Time-jittered marine acquisition

Wason and Herrmann (2013) presented a pragmatic single vessel, albeit easily extendable to multiple vessels, simultaneous marine acquisition scheme that leverages CS by invoking randomness in the acquisition via random jittering of the source firing times. As a result, source interferences become incoherent in common-receiver gathers creating a favorable condition for separating the simultaneous data into conventional nonsimultaneous data (also known as “deblending”) via curvelet-domain sparsity promotion. Like missing-trace interpolation, the randomization via jittering turns the recovery into a relatively simple “denoising” problem with control over the maximum gap size between adjacent shot locations (Hennenfent and Herrmann, 2008), which is a practical requirement of wavefield reconstruction with localized sparsifying transforms such as curvelets (Hennenfent and Herrmann, 2008). The basic idea of jittered subsampling is to regularly decimate the interpolation grid and subsequently perturb the coarse-grid sample points on the fine grid. A jittering parameter, dictated by the type of acquisition and parameters such as the minimum distance (or minimum recharge time for the airguns) required between adjacent shots, relates to how close and how far the jittered sampling point can be from the regular coarse grid, effectively controlling the maximum acquisition gap. Since we are still on the grid, this is a case of discrete jittering. In this paper, we limit ourselves to the discrete case but this technique can relatively easily be taken off the grid as we discuss in the companion paper.
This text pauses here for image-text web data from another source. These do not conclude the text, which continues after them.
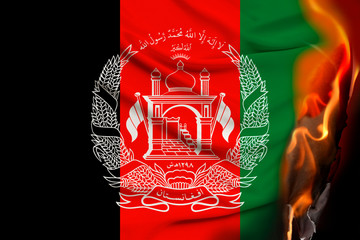 fire on the silk national flag of Afghanistan with beautiful folds, the concept of a ban on tourism, political repression, crime, violation of the rights and freedoms of citizens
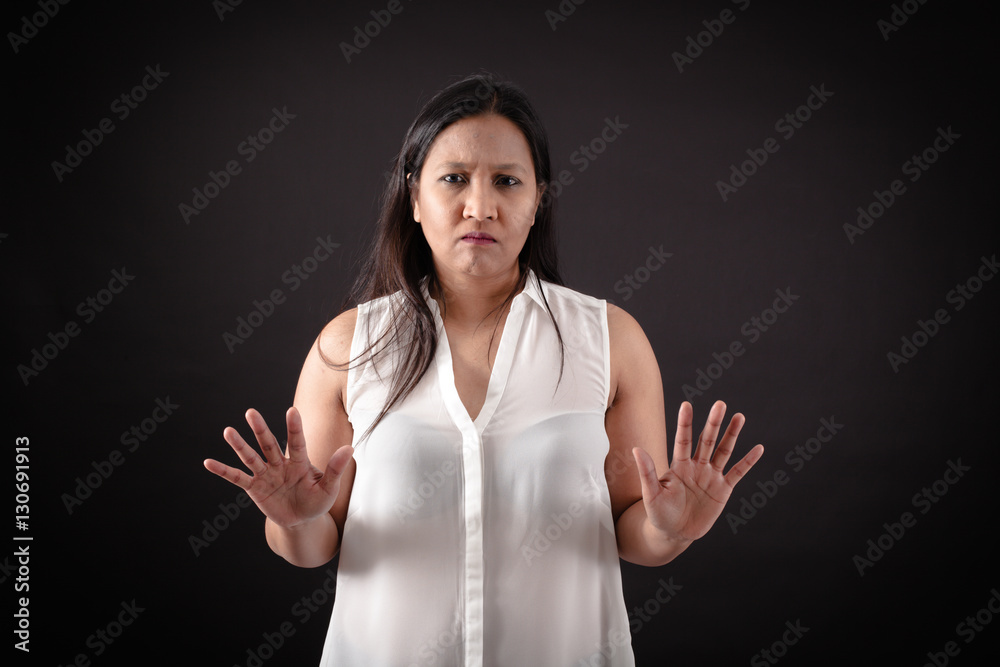 Beautiful woman doing different expressions in different sets of clothes: stop sign Beautiful woman doing different expressions in different sets of clothes: stop sign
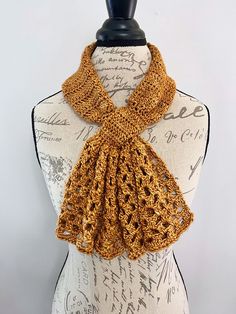 a crocheted scarf on top of a mannequin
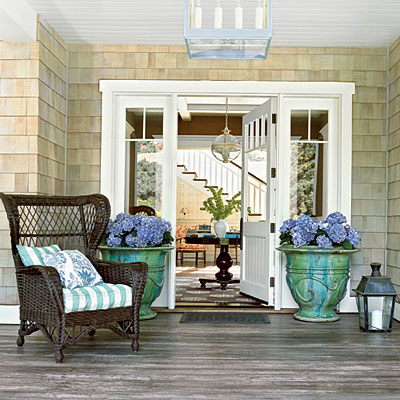 Pacific Palisades Home front porch with flowers in pots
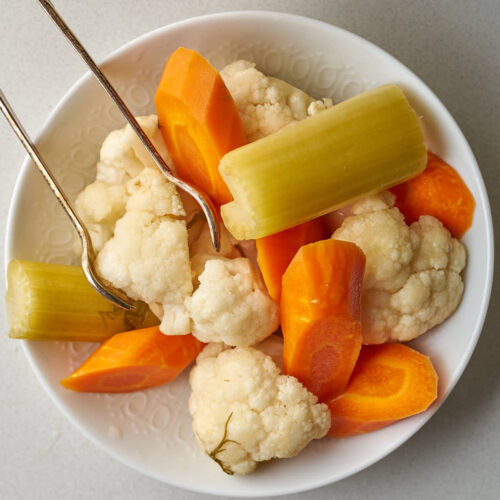 A close-up of a white bowl filled with fermented cauliflower, carrots, and celery pieces, with metal tongs resting on the bowl's edge.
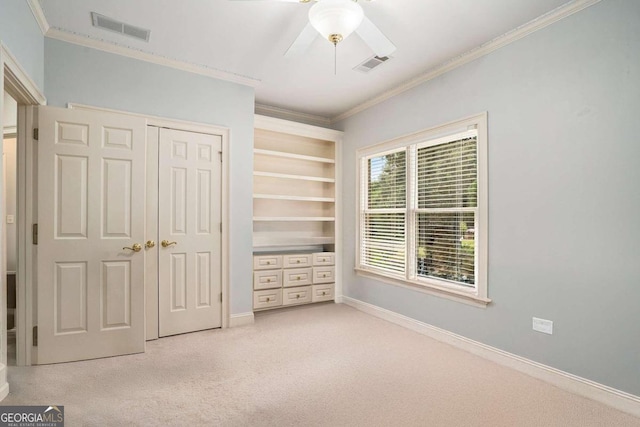 unfurnished bedroom featuring ceiling fan, light colored carpet, and ornamental molding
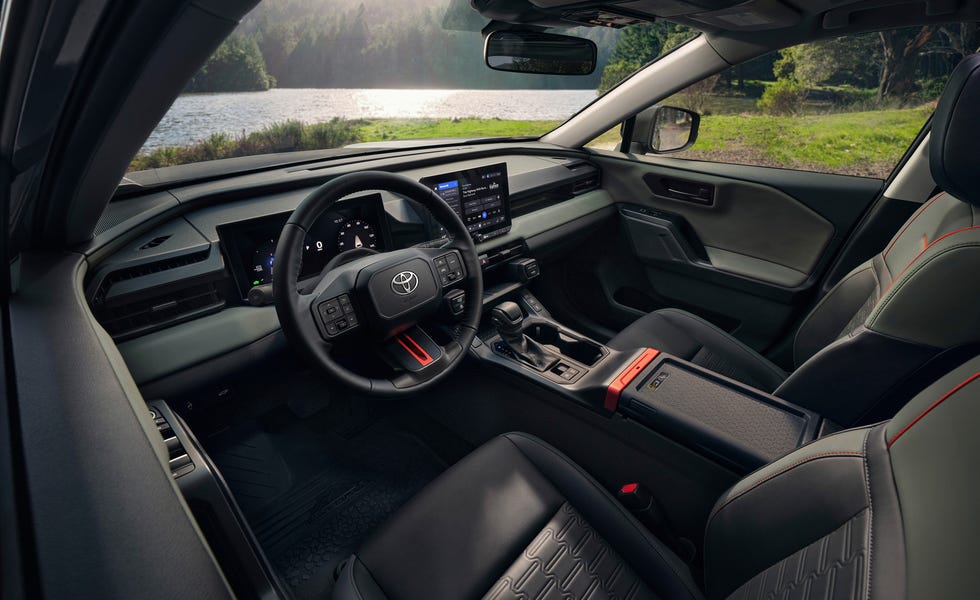 2026 Toyota RAV4 Hybrid Woodland interior interior view of a vehicle cabin featuring a digital dashboard, central touchscreen, and two tone seats with red accents.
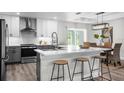Bright kitchen with a large island, stainless steel appliances, and a view to the dining area at 5555 Baffin Cir, Spring Hill, FL 34606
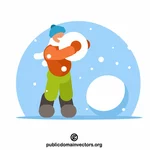 Tânăr care face un om de zăpadă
A seismic line with \(N_s\) sources, \(N_r\) receivers, and \(N_t\) time samples can be reshaped into an \(N\) dimensional vector \(\vector{f}\), where \(N = N_s \times N_r \times N_t\). For simplicity, we assume that all sources see the same receivers, which makes our method applicable to marine acquisition with ocean-bottom cables or nodes (OBC or OBN). As stated previously, seismic data volumes permit a compressible representation \(\vector{x}\) in the curvelet domain denoted by \(\vector{S}\). Therefore, \(\vector{f} = \vector{S}^H \vector{x}\), where \(^H\) denotes the Hermitian transpose (or adjoint), which equals the inverse curvelet transform. Since curvelets are a redundant frame (an over-complete sparsifying dictionary), \(\vector{S} \in \mathbb{C}^{P \times N}\) with \(P > N\), and \(\vector{x} \in \mathbb{C}^P\).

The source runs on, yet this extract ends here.